Tanja George im Überblick
| Merkmal | Information |
|---|---|
| Name | Tanja George |
| Geburtsort | Wien, Österreich |
| Aufgewachsen | Deutschland |
| Eltern | Götz George und Loni von Friedl |
| Berufliche Felder | Bildhauerei, Film, früher Journalismus |
| Umzug nach Australien | 1989 |
| Hochschulabschluss | Bachelor of Film and Television, Victorian College of the Arts, 1995 |
| Künstlerischer Schwerpunkt | Skulpturen und Mixed-Media-Arbeiten |
| Verbindung zur Götz George Stiftung | Mitstifterin; Gestalterin des Götz George Preises |
Ihre eigene Künstlerbiografie nennt Wien als Geburtsort und Deutschland als den Ort, an dem sie aufwuchs. Der NDR bestätigt, dass sie die gemeinsame Tochter von Götz George und der österreichischen Schauspielerin Loni von Friedl ist.
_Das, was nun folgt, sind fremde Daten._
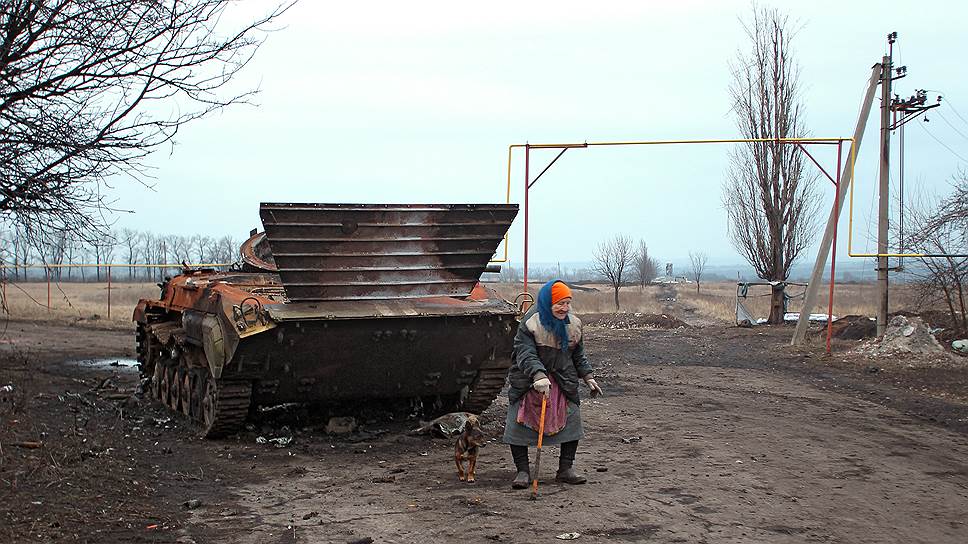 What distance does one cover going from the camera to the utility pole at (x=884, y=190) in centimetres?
1691

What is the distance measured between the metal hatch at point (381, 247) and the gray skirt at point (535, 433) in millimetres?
2491

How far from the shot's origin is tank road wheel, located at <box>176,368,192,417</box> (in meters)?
10.1

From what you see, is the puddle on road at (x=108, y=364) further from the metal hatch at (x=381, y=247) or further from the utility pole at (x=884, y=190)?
the utility pole at (x=884, y=190)

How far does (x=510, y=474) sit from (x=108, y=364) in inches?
434

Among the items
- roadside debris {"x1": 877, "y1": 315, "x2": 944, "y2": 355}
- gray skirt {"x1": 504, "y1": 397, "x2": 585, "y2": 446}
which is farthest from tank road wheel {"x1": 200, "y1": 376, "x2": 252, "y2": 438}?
roadside debris {"x1": 877, "y1": 315, "x2": 944, "y2": 355}

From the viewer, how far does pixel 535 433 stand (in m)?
6.80

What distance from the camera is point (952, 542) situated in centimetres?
528

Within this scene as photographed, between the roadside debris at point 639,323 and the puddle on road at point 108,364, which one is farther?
the roadside debris at point 639,323

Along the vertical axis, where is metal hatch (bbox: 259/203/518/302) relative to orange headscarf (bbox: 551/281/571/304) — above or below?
above

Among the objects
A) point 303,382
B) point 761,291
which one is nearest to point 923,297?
point 303,382

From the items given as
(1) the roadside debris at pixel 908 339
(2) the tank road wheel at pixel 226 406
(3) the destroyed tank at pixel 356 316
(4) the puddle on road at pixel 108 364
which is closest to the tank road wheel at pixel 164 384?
(3) the destroyed tank at pixel 356 316

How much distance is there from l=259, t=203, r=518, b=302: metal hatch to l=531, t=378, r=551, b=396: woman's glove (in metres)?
2.74

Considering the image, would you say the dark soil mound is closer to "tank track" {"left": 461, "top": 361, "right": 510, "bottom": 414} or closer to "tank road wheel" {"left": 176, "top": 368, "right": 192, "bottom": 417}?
"tank track" {"left": 461, "top": 361, "right": 510, "bottom": 414}

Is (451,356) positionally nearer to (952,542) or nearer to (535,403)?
(535,403) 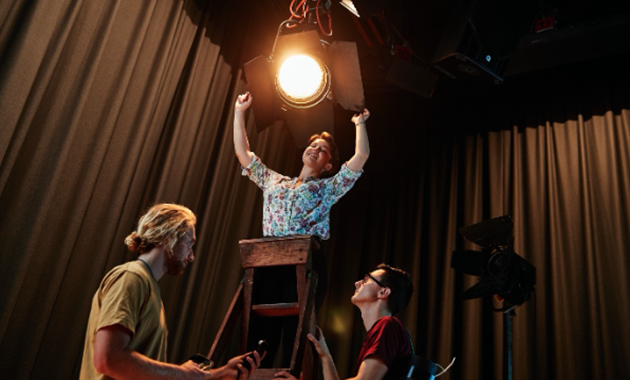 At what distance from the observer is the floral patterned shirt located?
2.68 metres

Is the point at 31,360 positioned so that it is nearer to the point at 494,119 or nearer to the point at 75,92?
the point at 75,92

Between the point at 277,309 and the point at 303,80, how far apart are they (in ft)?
4.60

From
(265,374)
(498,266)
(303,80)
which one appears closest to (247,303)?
(265,374)

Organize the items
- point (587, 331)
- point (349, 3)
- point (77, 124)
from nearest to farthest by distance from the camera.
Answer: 1. point (77, 124)
2. point (587, 331)
3. point (349, 3)

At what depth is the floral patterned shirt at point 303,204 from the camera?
2676 millimetres

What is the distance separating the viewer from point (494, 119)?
4.45 m

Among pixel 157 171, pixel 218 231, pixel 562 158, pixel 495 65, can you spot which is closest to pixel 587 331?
pixel 562 158

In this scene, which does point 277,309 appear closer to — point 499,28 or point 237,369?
point 237,369

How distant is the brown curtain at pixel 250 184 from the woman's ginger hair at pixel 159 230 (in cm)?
91

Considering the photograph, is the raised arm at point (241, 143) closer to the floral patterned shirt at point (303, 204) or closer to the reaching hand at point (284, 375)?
the floral patterned shirt at point (303, 204)

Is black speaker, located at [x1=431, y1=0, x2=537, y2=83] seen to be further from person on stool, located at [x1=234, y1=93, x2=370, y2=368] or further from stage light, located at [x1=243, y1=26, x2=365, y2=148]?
person on stool, located at [x1=234, y1=93, x2=370, y2=368]

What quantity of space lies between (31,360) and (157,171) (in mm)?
1392

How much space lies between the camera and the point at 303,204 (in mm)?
2691

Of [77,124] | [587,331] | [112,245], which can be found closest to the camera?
[77,124]
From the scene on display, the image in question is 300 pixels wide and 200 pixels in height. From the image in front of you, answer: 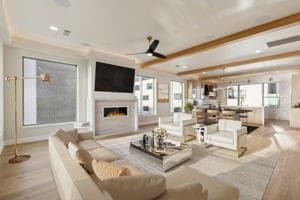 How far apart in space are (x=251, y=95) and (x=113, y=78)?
9.21 meters

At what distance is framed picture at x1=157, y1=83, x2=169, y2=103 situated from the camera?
27.1 ft

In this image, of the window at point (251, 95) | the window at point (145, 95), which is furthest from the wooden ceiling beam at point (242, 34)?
the window at point (251, 95)

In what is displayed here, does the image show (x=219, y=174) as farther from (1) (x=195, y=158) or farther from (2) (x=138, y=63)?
(2) (x=138, y=63)

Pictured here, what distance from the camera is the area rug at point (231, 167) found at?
235 centimetres

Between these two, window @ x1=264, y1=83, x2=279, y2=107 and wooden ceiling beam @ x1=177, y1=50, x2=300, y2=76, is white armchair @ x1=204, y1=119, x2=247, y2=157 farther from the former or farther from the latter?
window @ x1=264, y1=83, x2=279, y2=107

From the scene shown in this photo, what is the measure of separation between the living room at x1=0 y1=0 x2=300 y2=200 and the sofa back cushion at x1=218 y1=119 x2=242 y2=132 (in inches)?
1.0

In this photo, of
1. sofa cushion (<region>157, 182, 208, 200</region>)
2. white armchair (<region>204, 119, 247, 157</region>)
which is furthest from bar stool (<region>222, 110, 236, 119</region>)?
sofa cushion (<region>157, 182, 208, 200</region>)

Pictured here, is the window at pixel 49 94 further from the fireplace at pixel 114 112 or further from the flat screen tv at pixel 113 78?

Von Deutschland nach Australien
Bevor Tanja George sich vollständig der Kunst zuwandte, arbeitete sie in Deutschland journalistisch. Nach Angaben ihrer offiziellen Website war sie für das Magazin Esquire tätig. 1989 zog sie nach Australien – ein Schritt, der für ihre spätere Laufbahn entscheidend wurde.
Dort beschäftigte sie sich mit verschiedenen Bereichen der bildenden Kunst. Ihr Studium umfasste unter anderem Fotografie, Film, Malerei und Skulptur. Am Victorian College of the Arts schloss sie 1995 einen Bachelor of Film and Television ab. Damit entstand eine berufliche Grundlage, die sowohl visuelles Erzählen als auch freie künstlerische Arbeit miteinander verband.
Australien wurde anschließend zu einem zentralen Ort ihres kreativen Schaffens. Bei der ersten Verleihung des Götz George Preises im Jahr 2018 beschrieb die Stiftung sie als bildende Künstlerin, die zu diesem Zeitpunkt seit rund 30 Jahren in Melbourne lebte und arbeitete.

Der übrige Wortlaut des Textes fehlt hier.